### [INPUT RECORDS]
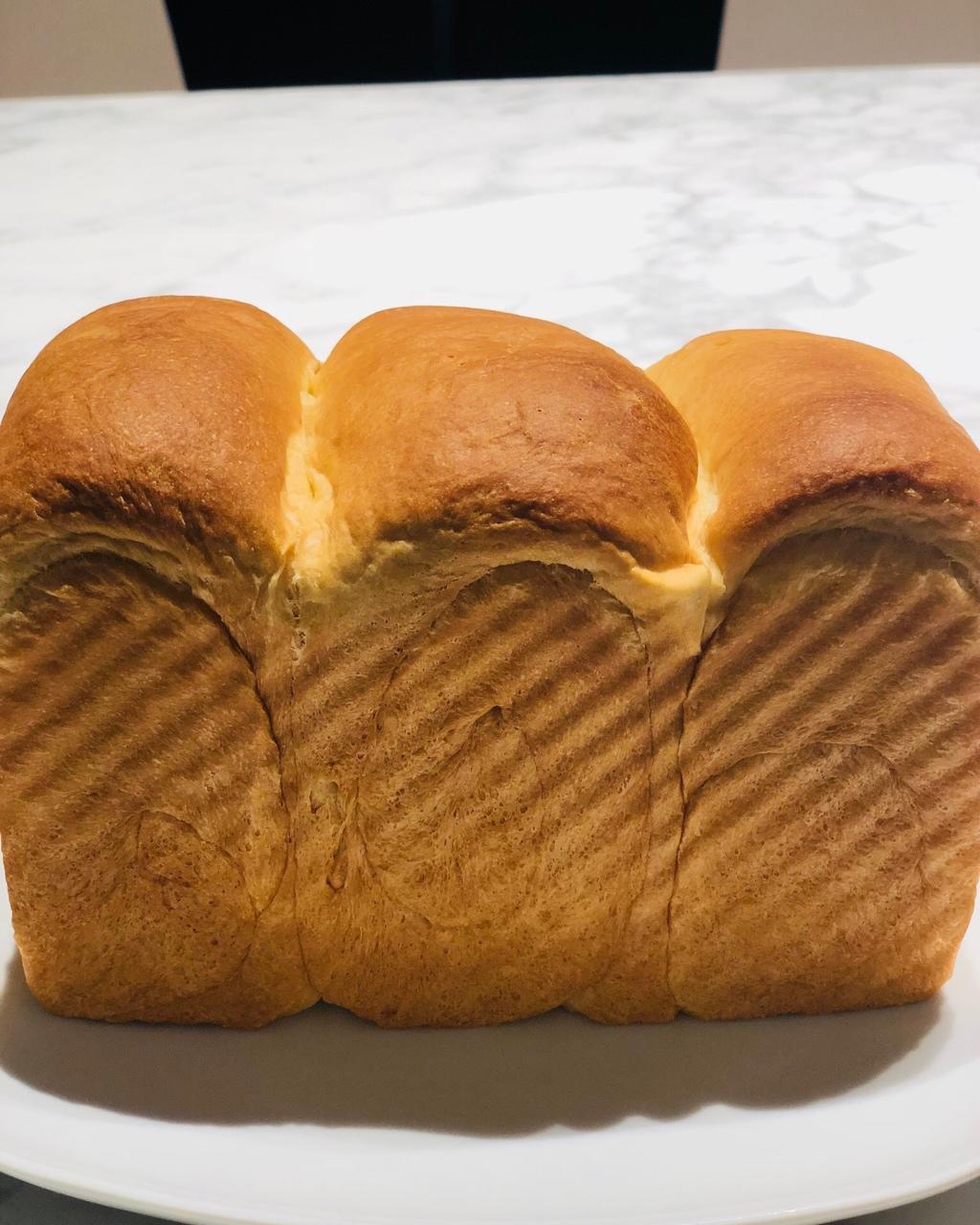面包 奶香超浓郁的北海道吐司(消灭淡奶油) liping1做的奶香超浓郁的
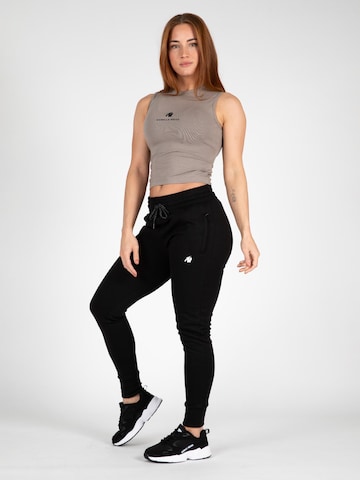 Gorilla Wear Top 'Livonia' in Beige
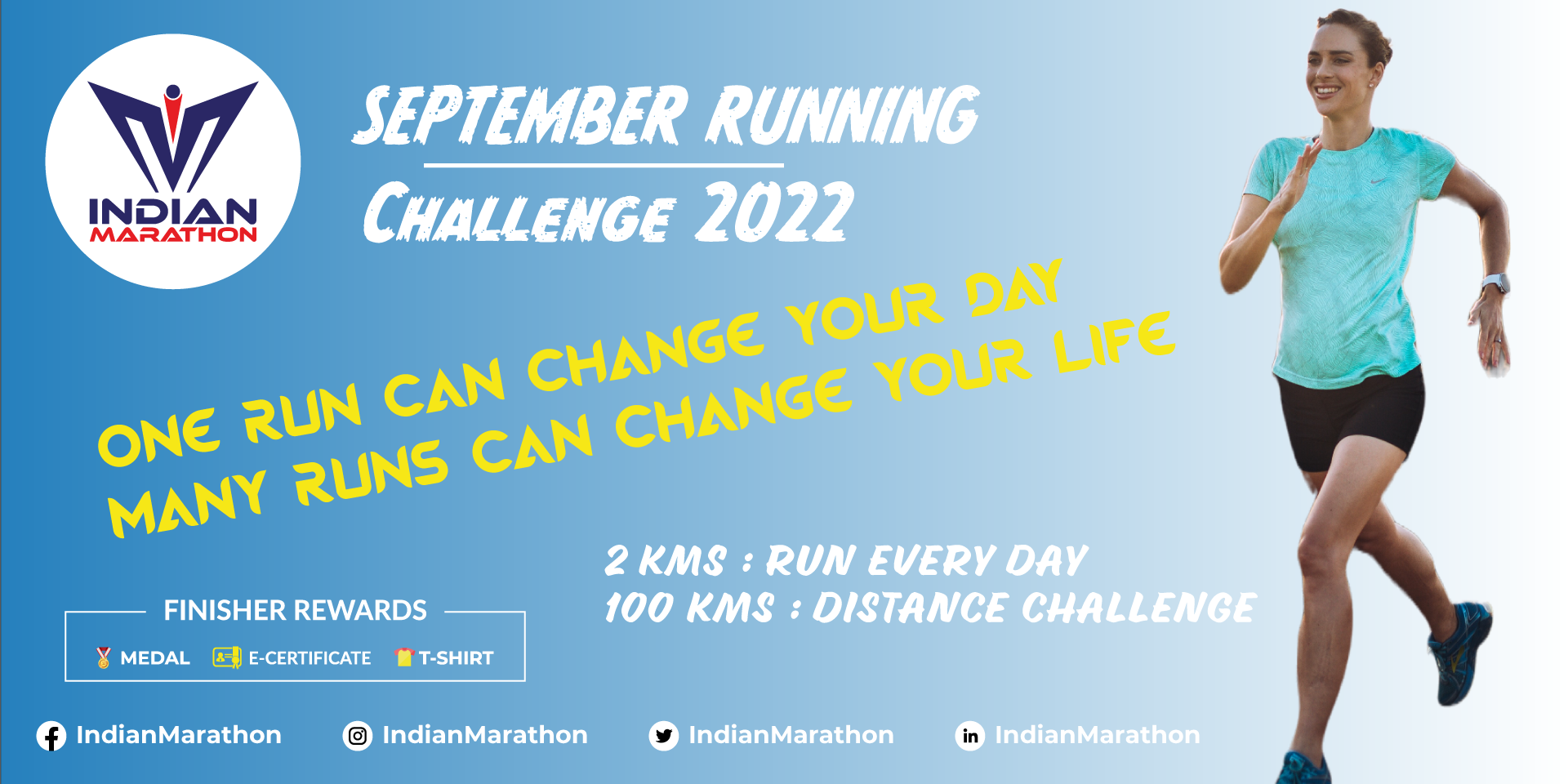 September Running Challenge 2022 image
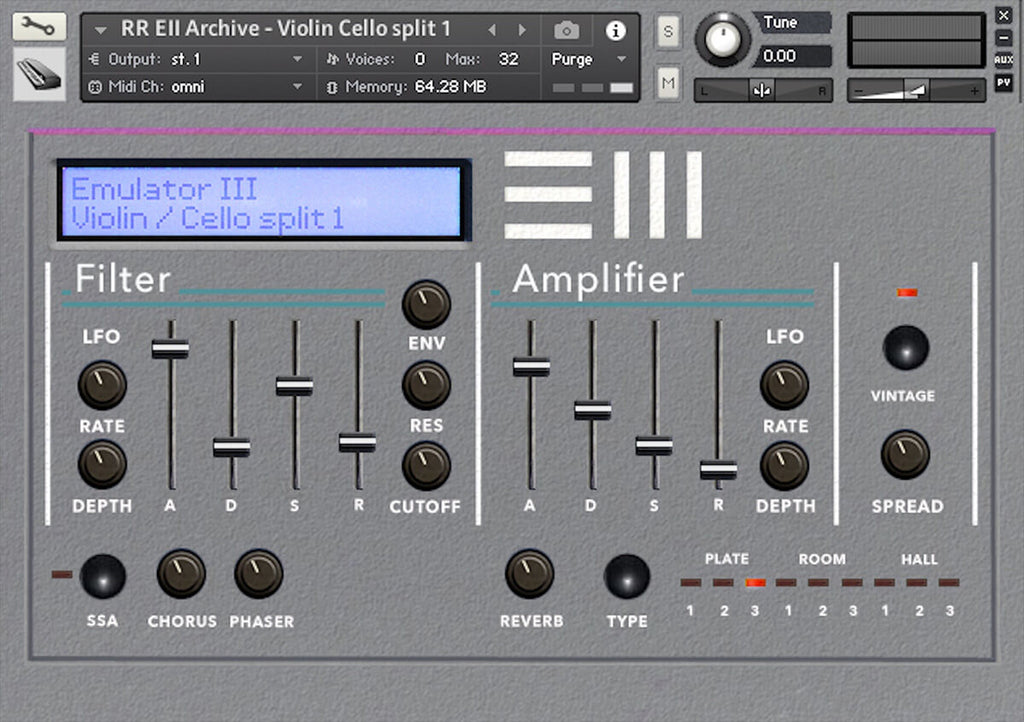 Q Up Arts OMI EIII Universe of Sounds Master Studio Collection V2 | PluginFox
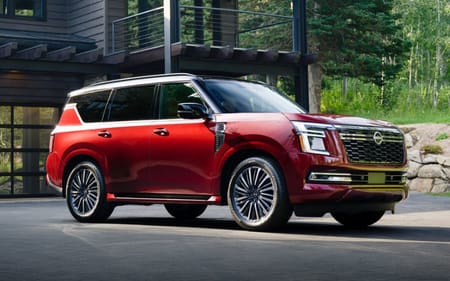 How the 2025 Nissan Armada’s ProPILOT Assist 2.1 Enhances Safe Travels Near Tewksbury, MA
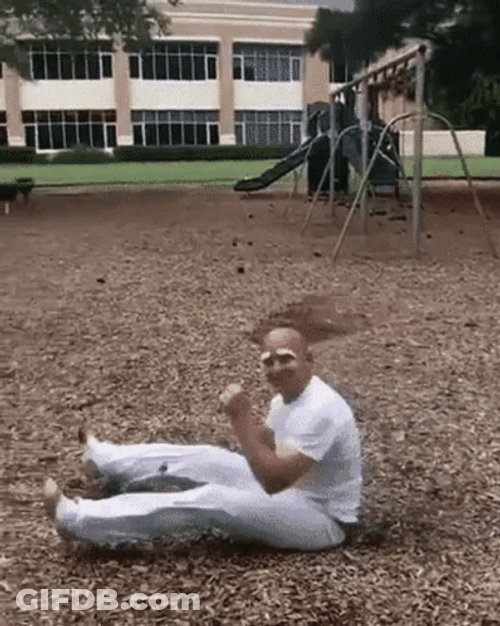 Mr Clean Reverse Swing Meme GIF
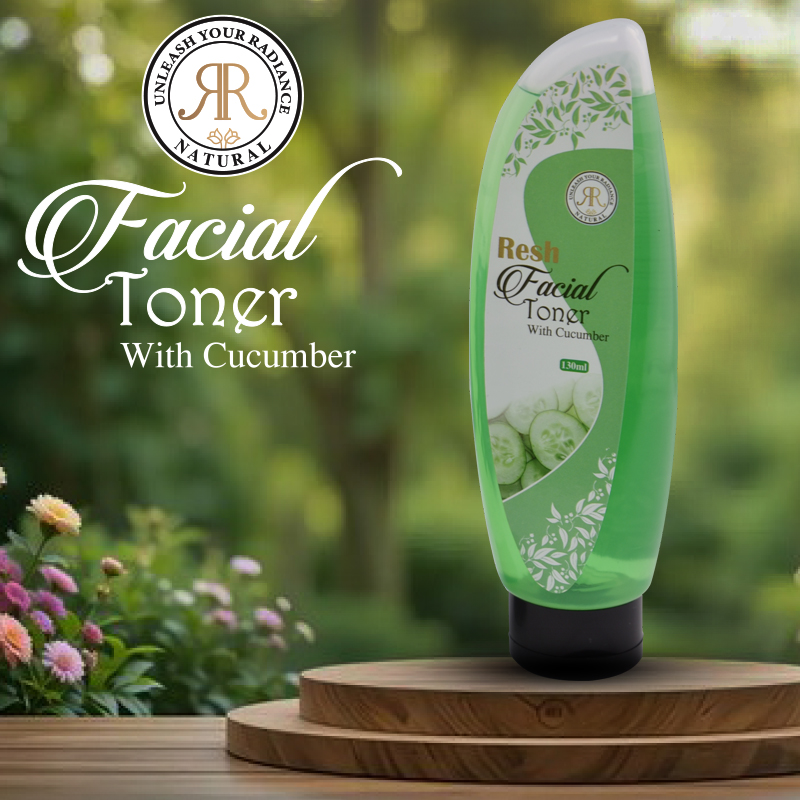 RESH FACIAL TONER WITH CUCUMBER130ml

### [YOUR GOAL]
Word for word, please reproduce each entry above and leave out every picture.

### [ANSWER TO THIS PROBLEM]
面包 奶香超浓郁的北海道吐司(消灭淡奶油) liping1做的奶香超浓郁的
 Gorilla Wear Top 'Livonia' in Beige
 September Running Challenge 2022 image
 Q Up Arts OMI EIII Universe of Sounds Master Studio Collection V2 | PluginFox
 How the 2025 Nissan Armada’s ProPILOT Assist 2.1 Enhances Safe Travels Near Tewksbury, MA
 Mr Clean Reverse Swing Meme GIF
 RESH FACIAL TONER WITH CUCUMBER130ml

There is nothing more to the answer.